By the end of year, all profitable business, including the silk industry in Hotan had been taken over by the Communist authorities: “Private business was discouraged, and almost all shops had been turned into government owned cooperative stores. The salaries paid to shopkeepers were barely enough to cover their living expenses.”

And like the Communist officials would do in Tibet a couple of years later, the new government of Xinjiang told the people: “the Chinese in the administrative structure are there simply to teach the natives of Sinkiang the art of governing, and that soon the full governmental administrative responsibility would be turned over to the people of Sinkiang.”

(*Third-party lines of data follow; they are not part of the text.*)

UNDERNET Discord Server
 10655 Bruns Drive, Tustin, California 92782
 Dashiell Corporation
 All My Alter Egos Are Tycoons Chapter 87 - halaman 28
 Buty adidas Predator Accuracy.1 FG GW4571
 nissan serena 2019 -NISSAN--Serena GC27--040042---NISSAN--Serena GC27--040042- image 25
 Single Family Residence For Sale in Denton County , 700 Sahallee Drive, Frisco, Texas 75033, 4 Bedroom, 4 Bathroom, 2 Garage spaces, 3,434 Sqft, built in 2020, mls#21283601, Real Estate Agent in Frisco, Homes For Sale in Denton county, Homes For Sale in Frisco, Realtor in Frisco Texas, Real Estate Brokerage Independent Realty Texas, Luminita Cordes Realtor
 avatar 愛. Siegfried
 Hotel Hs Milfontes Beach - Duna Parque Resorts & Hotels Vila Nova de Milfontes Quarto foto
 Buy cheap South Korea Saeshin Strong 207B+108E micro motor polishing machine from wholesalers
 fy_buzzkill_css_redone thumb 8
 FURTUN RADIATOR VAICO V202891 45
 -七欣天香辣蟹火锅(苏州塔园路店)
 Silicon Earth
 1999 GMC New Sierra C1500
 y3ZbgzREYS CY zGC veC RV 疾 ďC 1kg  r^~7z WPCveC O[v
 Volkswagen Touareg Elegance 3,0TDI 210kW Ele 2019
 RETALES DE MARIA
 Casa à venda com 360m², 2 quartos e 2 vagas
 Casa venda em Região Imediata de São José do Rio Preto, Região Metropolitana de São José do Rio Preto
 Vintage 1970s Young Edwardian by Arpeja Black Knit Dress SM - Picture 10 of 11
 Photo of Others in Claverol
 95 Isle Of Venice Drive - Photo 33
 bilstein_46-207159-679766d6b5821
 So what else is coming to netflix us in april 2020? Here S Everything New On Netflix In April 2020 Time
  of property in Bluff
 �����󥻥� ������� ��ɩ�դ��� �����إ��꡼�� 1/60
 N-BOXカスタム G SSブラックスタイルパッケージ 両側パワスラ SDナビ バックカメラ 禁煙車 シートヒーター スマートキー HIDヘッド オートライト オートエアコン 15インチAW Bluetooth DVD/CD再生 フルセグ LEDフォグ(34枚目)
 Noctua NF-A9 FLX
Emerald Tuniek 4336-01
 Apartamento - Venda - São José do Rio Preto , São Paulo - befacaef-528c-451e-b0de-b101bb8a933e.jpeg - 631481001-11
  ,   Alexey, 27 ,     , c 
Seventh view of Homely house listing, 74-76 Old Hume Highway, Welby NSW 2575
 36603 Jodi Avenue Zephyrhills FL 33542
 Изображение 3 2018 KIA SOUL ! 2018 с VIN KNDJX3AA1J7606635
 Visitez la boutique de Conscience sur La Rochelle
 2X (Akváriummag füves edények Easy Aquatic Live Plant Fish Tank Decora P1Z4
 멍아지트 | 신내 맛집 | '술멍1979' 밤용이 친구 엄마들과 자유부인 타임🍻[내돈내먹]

The same report cited a long list of purges, arrests and executions.

More than 60 years later, ferocious repression and forced assimilation still takes place in the restive region; the Uyghurs face repression, reeducation and relocation. 

On July 6, The People’s Daily noted that Beijing has relocated “461,000 poverty-ridden residents to work in other parts of the region during the first quarter of the year,” in a bid to “improve social stability and alleviate poverty.”

The report asserted that the Xinjiang government planned to further transfer 100,000 residents from southern Hotan and Kashgar prefectures by 2019, to get employed somewhere else.

Current practices

Yu Shaoxiang, an ‘expert’ at the Chinese Academy of Social Sciences, told The Global Times: “poverty alleviation in Xinjiang is more difficult compared to other places because, aside from poverty, Xinjiang also faces ethnic issues.” 

The irony is that this region is the hub the ‘humanist’ Belt and Road Initiative (BRI) which is to bring prosperity and happiness to the local populations. 

It does not mean that China does face serious challenges, not only from infiltration from its friend in the South, but also from the Syrian-trained Uighurs returning to Xinjiang.

But can this be a pretext for such drastic policies?

On August 31, during a hearing at the United Nations Committee on the Elimination of Racial Discrimination (CERD), Hu Lianhe, the Chinese representative countered  the claims that the Muslim minorities was being subjected to extrajudicial detention and political indoctrination. Hu denied the existence of ‘re-education camps’, asserting instead that China is ‘a victim of terrorism’, and that the Xinjiang has only initiated a “special campaign to crack down on violent terrorist activities according to law.” He however admitted to the trial and imprisonment of ‘a number of criminals’ and that people guilty of minor offenses were sent “to vocational education and employment training centers…to assist with their rehabilitation and reintegration” 

In the meantime, Xinhua promotes the Xinjiang Uygur Autonomous Region, as a ‘paradise on earth’. It affirms that 130 million tourists visited the Western province during the first nine months of 2018. Can you believe it? But for sure, the Han tourists did not visit the reeducation camps.